[TASK INSTRUCTIONS] Could the data below please be reproduced word for word, without the pictures?

[EXERCISE DATA]

§ §

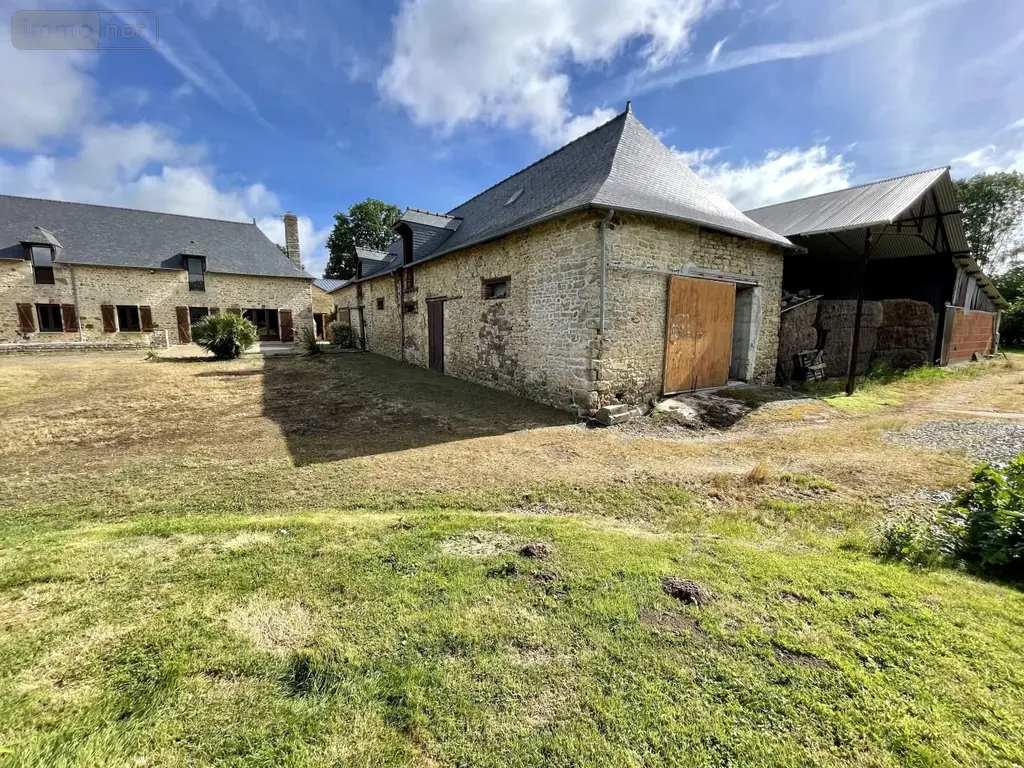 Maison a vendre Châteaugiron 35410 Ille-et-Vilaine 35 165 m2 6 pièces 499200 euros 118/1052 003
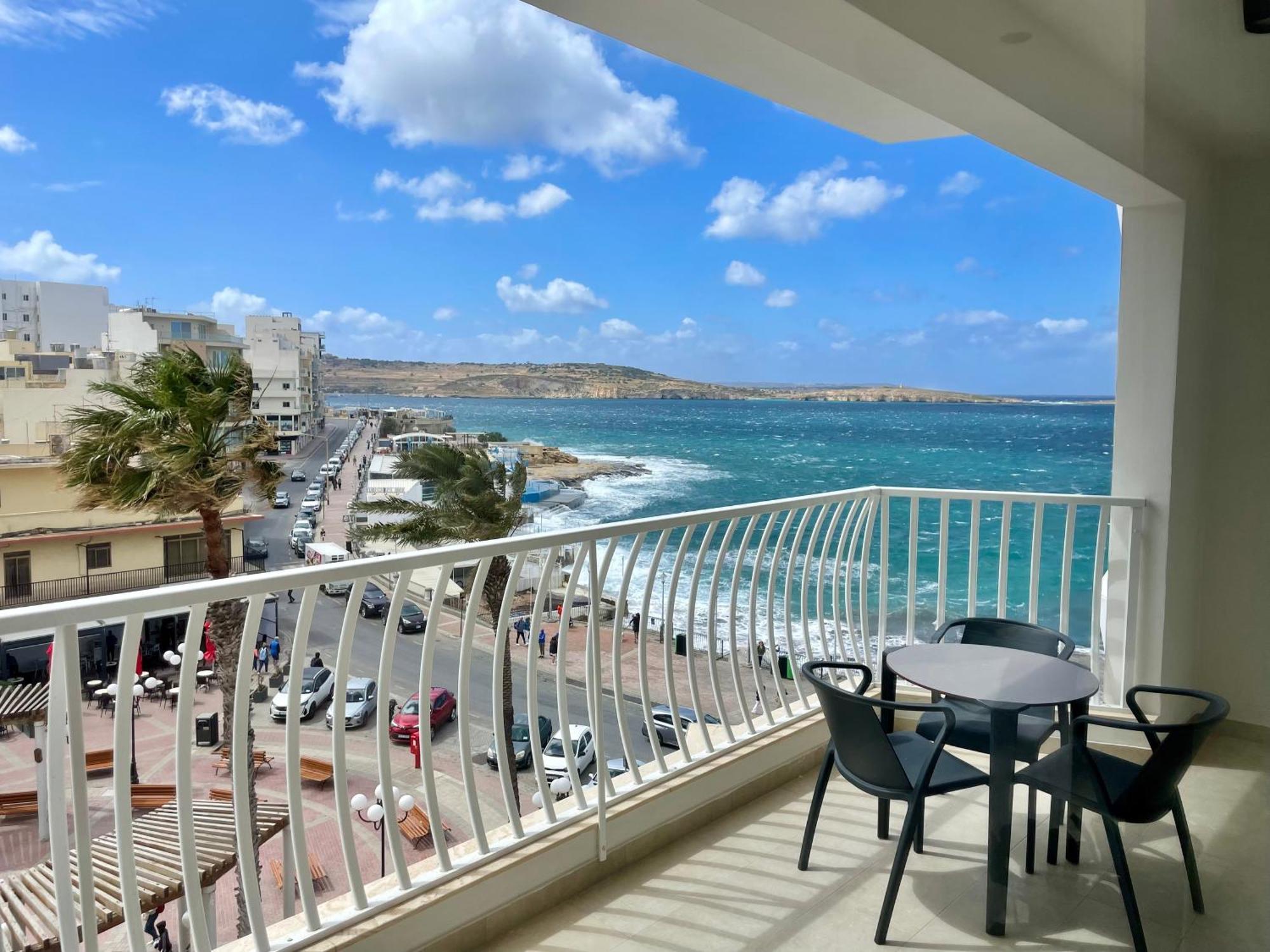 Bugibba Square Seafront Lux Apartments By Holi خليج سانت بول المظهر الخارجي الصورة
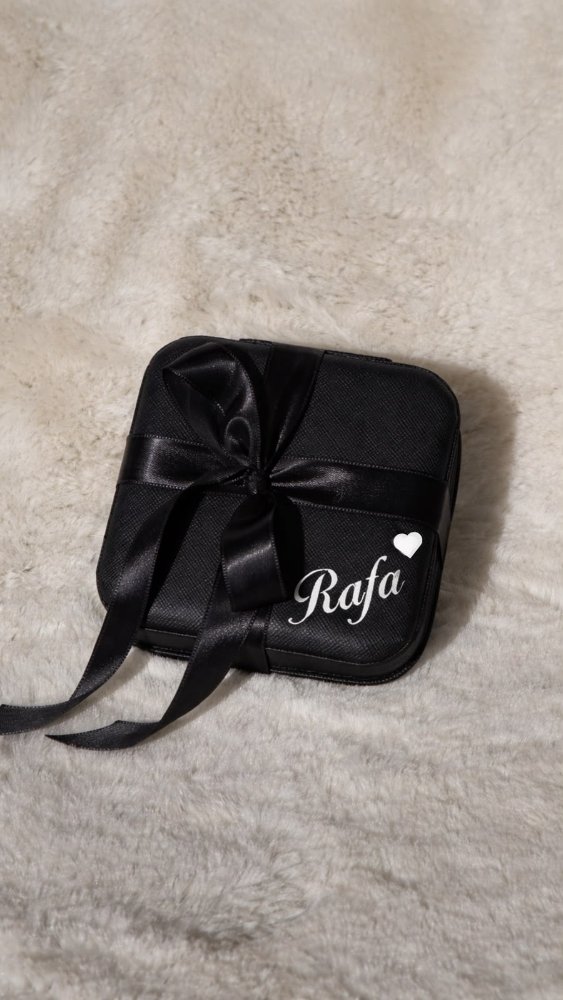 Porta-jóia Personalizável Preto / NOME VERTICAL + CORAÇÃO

§ §

[THE COMPLETED TASK]
 Maison a vendre Châteaugiron 35410 Ille-et-Vilaine 35 165 m2 6 pièces 499200 euros 118/1052 003
 Bugibba Square Seafront Lux Apartments By Holi خليج سانت بول المظهر الخارجي الصورة
 Porta-jóia Personalizável Preto / NOME VERTICAL + CORAÇÃO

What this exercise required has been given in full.